Running "$GLOBUS_LOCATION/sbin/gpt-build -nosrc <flavor>" for the
flavor you're trying to build should generate the required compiler-
detection and create the build-env script it is looking for.
Charles
On Jan 23, 2009, at 5:46 AM, Brendan MacLean wrote:
Hi Jeff,
I had found the code there (thanks for confirming it is a primary
source), and even located the problem in seg_sge_module.c as being
the hard-coded index 13 for the location of the exit-status, where
it is 14 on our system. Indeed, the column at 13 is zero in all the
cases I have been running, while 14 is 1 (or zero for success).

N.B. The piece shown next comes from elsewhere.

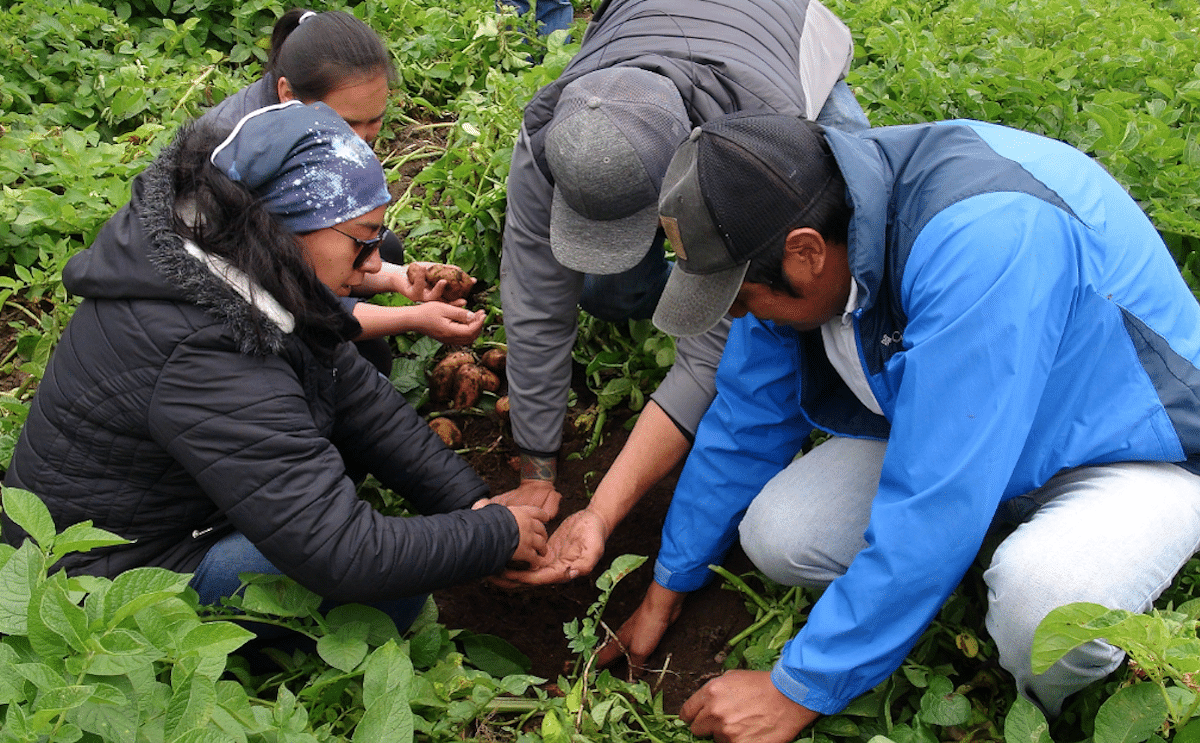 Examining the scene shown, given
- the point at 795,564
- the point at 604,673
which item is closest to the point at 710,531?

(The ability to configure and a little documentation for something
like this would be nice, of course.)
Also, for a "job_log::deleted" record, I will want a failure, rather
than the successful completion currently reported. I believe this
works correctly for PBS.
This may not be a complete solution, but these fixes will be a huge
improvement over what we have. After that we'll see how many
unreported errors we run into.
We have not yet built Globus on this machine. At least it looks
like my sysadmin used a binary install. When I run "configure" for
the globus_scheduler_event_generator_sge-1.1 package, I get a number
of errors about missing dependencies, and finally:
./configure: line 1442: /usr/local/gt/libexec/globus-build-env-.sh:
No such file or directory
Any suggestions on the shortest route to replacing our version of
libglobus_seg_sge_* with one built from an edited seg_sge_module.c
would be much appreciated. Otherwise, I am sure we can muddle
through this today.
Thanks again for the quick response.
--Brendan
On Thu, Jan 22, 2009 at 10:22 PM, Jeff Porter <[email protected]>
wrote:
Hi Brendan,
You can view that code in the seg_sge_module.c file of the
globus_scheduler_event_generator_sge-1.1 package at,
http://www.lesc.ic.ac.uk/projects/SGE-GT4.html
There are variations on this code but I don't know whether anyone
has touched the logic for decoding the reporting file information. I
just looked and it is checking the "acct" record in the reporting
file for errors. However, this doesn't seem to be very complete as
jobs can fail and finish without any updated "acct" record being
written.
Perhaps others have implemented or consider a more robust way to
check for errors? You can get it from the "accounting" file but
that isn't being parsed in this seg_sge_module.
- Jeff
Brendan MacLean wrote:
Hi,
I have been working with Globus for several months now, and we have
had great success with using it to drive a Torque/PBS scheduled
cluster.
Recently I have been trying to get our system working with SGE,
where I have found that GRAM never reports a failure, but always
successful completion, though a qacct -j on the job in question
clearly reports non-zero exit status. After an initial wrong turn
of trying to edit the poll() method in sge.pm <http://sge.pm>, I
found that this method is never called, and a Google search brought
me to a previous message on this list:
http://www.mail-archive.com/[email protected]/msg03507.html
Where I found that Globus depends on the $SGE_ROOT/$SGE_CELL/common/
reporting file for its job exit status information.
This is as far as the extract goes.